Additional analysis of the original ArXiv paper
📋 Original Paper Title and Abstract
Broken by Default: A Formal Verification Study of Security Vulnerabilities in AI-Generated Code
🔍 ShortSpan Analysis of the Paper
Problem
This paper measures how often state-of-the-art large language models produce exploitable security vulnerabilities when asked to generate production code for security‑sensitive tasks. The question matters because AI coding assistants are widely used in web backends, embedded systems and cryptographic code, yet previous analyses relied on pattern matching or manual inspection and did not establish whether flagged defects are provably exploitable.
Approach
The authors generated 3,500 code artifacts by prompting seven frontier LLMs on a benchmark of 500 natural‑language prompts (100 each for five CWE categories: memory allocation and indexing, integer arithmetic, authentication, cryptography, and input handling). Models were queried deterministically (temperature 0) and instructed to produce runnable code. Each artifact was analysed with the COBALT pipeline, which identifies candidate sites, encodes vulnerability conditions as Z3 SMT formulas, and extracts concrete satisfiability witnesses when available. A subset of findings was validated with runtime proof‑of‑concept harnesses compiled under GCC AddressSanitizer. Three auxiliary experiments used a secure prompt ablation, a comparison against six industry static analysis tools, and a model self‑review test.
Key Findings
- Across all models the mean vulnerability rate was 55.8% of generated artifacts; 1,055 findings were formally proven exploitable by Z3 satisfiability witnesses.
- The best model still performed poorly: Gemini 2.5 Flash had a 48.4% vulnerability rate (grade D); GPT‑4o performed worst at 62.4% (grade F). No model achieved grade C or better.
- Vulnerability rates varied by category: integer arithmetic prompts produced the highest failure rate at 87%, followed by memory allocation at 67%—issues were dominated by integer overflow in allocation arithmetic and signed/unsigned conversion errors.
- Runtime confirmation: 6 of 7 representative Z3‑proven vulnerabilities produced real memory‑corruption crashes under AddressSanitizer; examples included SQL injection extracting full records and weak password hashing enabling recovery of a short password using a precomputed lookup.
- Security prompting had minimal effect: explicit security instructions reduced the mean vulnerability rate by only four percentage points in a 50‑prompt ablation, leaving most models at failing grades.

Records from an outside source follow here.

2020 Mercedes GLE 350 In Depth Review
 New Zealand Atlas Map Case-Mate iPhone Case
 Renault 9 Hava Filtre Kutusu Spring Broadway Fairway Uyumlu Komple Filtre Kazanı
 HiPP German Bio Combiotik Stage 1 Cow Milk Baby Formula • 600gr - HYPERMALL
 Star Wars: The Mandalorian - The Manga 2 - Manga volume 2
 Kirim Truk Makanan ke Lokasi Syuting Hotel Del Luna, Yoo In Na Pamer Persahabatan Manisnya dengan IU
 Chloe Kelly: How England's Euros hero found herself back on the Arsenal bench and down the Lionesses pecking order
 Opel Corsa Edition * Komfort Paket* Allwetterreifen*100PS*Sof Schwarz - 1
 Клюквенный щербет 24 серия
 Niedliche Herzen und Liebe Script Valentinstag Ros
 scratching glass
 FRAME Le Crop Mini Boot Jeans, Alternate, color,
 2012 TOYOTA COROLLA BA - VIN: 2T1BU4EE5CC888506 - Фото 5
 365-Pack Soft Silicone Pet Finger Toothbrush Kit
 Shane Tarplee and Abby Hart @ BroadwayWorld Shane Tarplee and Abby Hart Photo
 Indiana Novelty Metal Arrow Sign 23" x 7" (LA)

- Industry tooling missed almost all formally proven issues: six combined tools flagged 7.6% of artifacts and failed to detect 97.8% of Z3‑proven findings; CodeQL and heavyweight C analyzers detected none of the formally proven integer‑overflow allocation defects.
- Generation–review asymmetry: when presented with their own vulnerable outputs, models identified 78.7% of Z3‑proven defects in review mode but still generate them by default at high rates, indicating knowledge is present but not applied during generation.
Limitations
The benchmark covers a bounded set of 500 prompts and five CWE classes and was run at temperature 0; results reflect model behaviour at the time of study and should not be naively generalised to all tasks, temperatures, multi‑turn interactions or other programming languages. Full ablation across the full corpus and multi‑language targets are left for future work.
Implications
Offensive security implications are clear: concrete witness values produced by Z3 give an attacker inputs that reliably trigger exploitable conditions such as integer overflows leading to heap corruption, SQL injection yielding data exfiltration, or weak hashing enabling rapid credential recovery. Because common static tools and query engines miss the vast majority of Z3‑proven defects, automated pipelines that accept model outputs without formal verification or manual audit are vulnerable to supply of exploitable code. The generation–review asymmetry means an attacker or malicious actor could reuse model outputs or the witnesses to craft reliable exploits even where the model could have flagged the issue in review mode.